12. Diperlukan pengaturan etika penyelenggaraan pemilu 2019. Keberadaan lembaga penegak etik penyelenggaraan pemilu 2019 ini perlu diperkuat. Penguatan lembaga penegakan etik perlu diiringi oleh pembenahan sistem rekrutmen penyelenggara pemilu (KPU), karena apabila komisioner terkena kasus etik akan digantikan menurut sistem daftar tunggu. Masalahnya, orang yang ada dalam daftar tunggu belum tentu jauh lebih baik dari yang akan digantikan.
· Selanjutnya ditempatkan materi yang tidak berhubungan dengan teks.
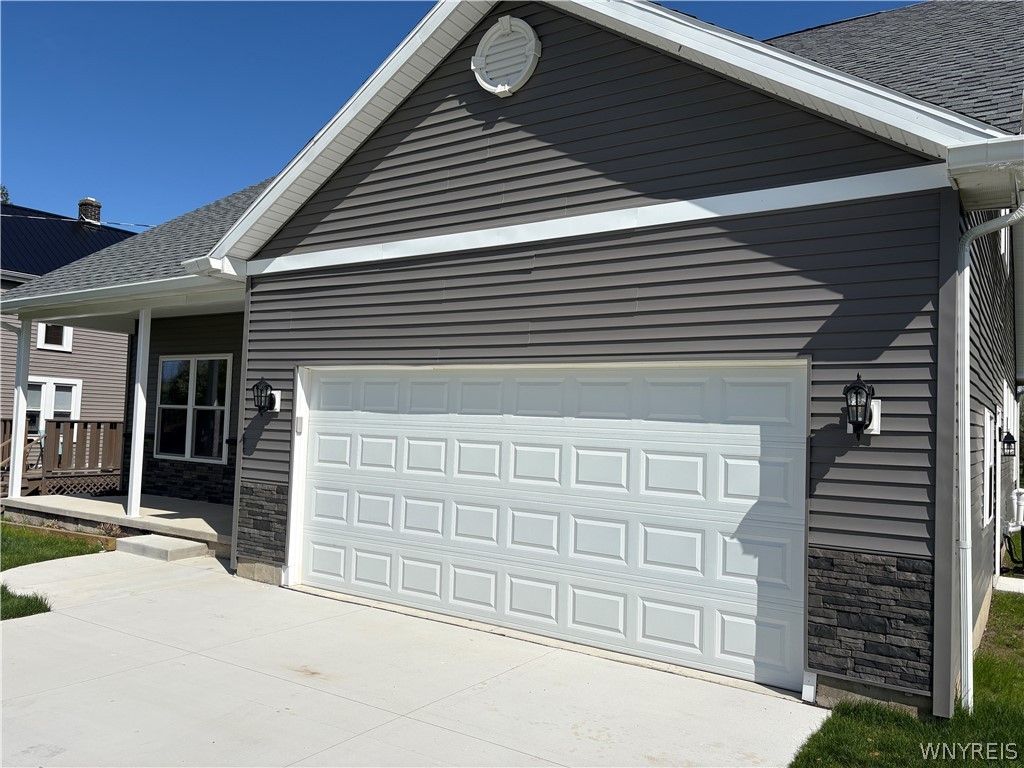 5200 Berg Road West Seneca, NY 14218 - Photo 3 of 43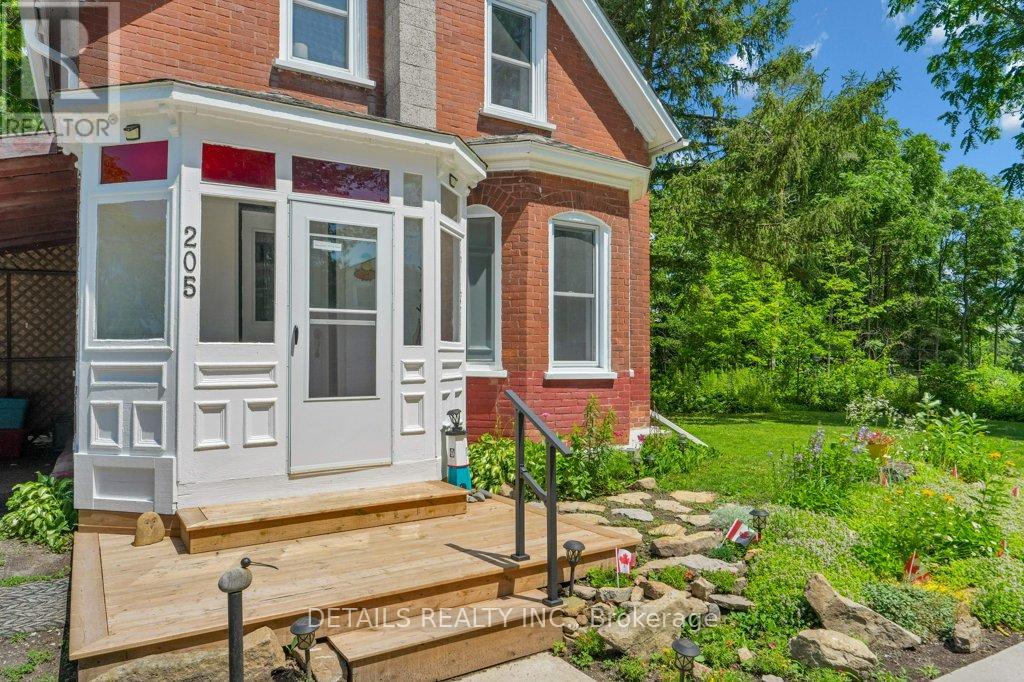205 LEWIS STREET W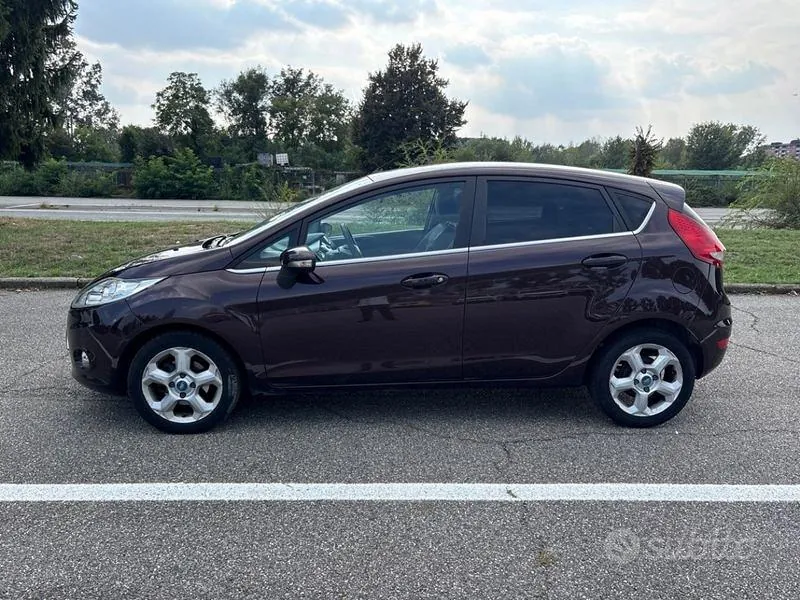 Ford Fiesta 2011 photo 2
13. Perlu melakukan antisipasi persoalan etika, karena sumber persoalan etika bukan hanya berasal dari etika penyelenggara pemilu, tetapi bersumber dari peserta (partai dan kandidat). Oleh karena itu, diperlukan perubahan Undang-Undang, bukan hanya mengatur tentang penyelenggara pemilu, tetapi yang diperlukan adalah UU Penyelenggaraan Pemilu. Minimal ada enam aturan etika penyelenggaraan pemilu yang diperlukan, yaitu: (a) integritas calon atau kandidat dalam penyelenggaraan pemilu; (b) sikap percaya terhadap penyelenggara, (c) sikap taat asas bahwa calon tidak melakukan judicial review, (d) larangan hubungan pribadi antara calon dengan penyelenggara, bila ada hubungan perlu dideklarasikan kepada publik, (f) Standar etik mencakup aturan suap kepada pemilih, dan (g) etika hubungan antarcalon—di mana calon tidak perlu mengurusi calon yang menjadi lawan politiknya.
Demikian rumusan hasil Seminar Nasional XXVII Asosiasi Ilmu Politik Indonesia.